WHAT IS REQUIRED:
Ignoring pictures, transcribe exactly the lines between the one containing "CHEVROLET MALIBU LT 2020 1g1zd5stxlf051662" and the end of the material, both included.

DATASET EXTRACT:
--- START ---
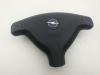 Подушка безопасности (Airbag) водителя Opel Astra G (1998-2004) Артикул 55259066 - Фото #1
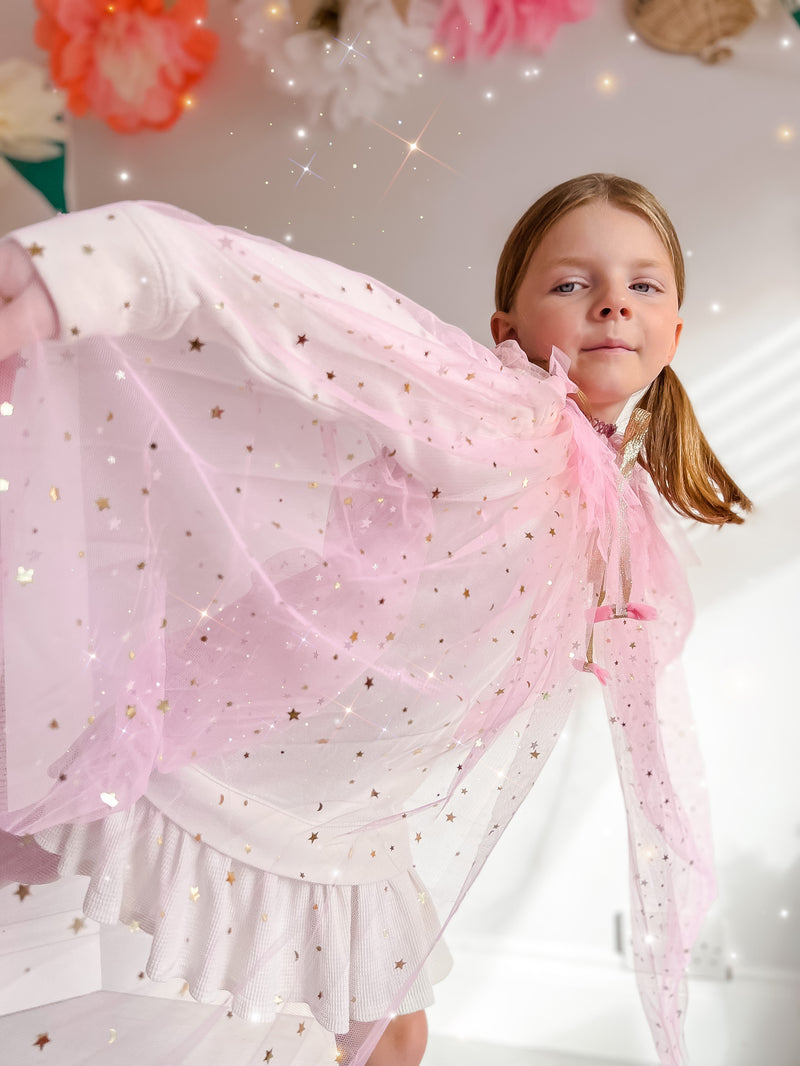 Stardust Cape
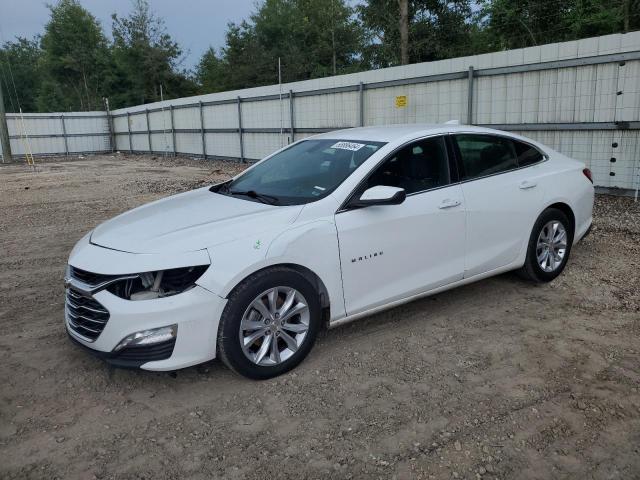 CHEVROLET MALIBU LT 2020 1g1zd5stxlf051662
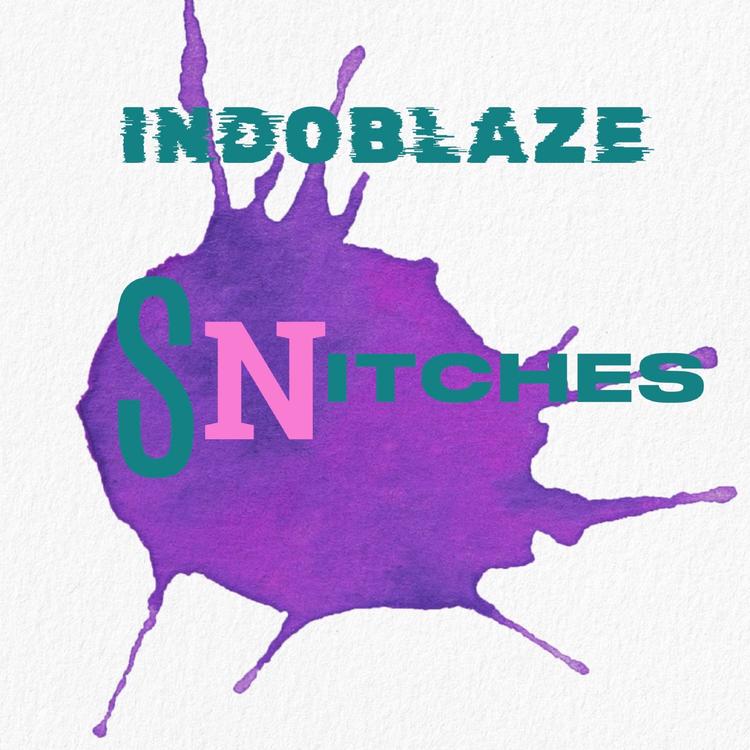 indoblaze's avatar image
--- END ---
COMPLETED EXERCISE:
 CHEVROLET MALIBU LT 2020 1g1zd5stxlf051662
 indoblaze's avatar image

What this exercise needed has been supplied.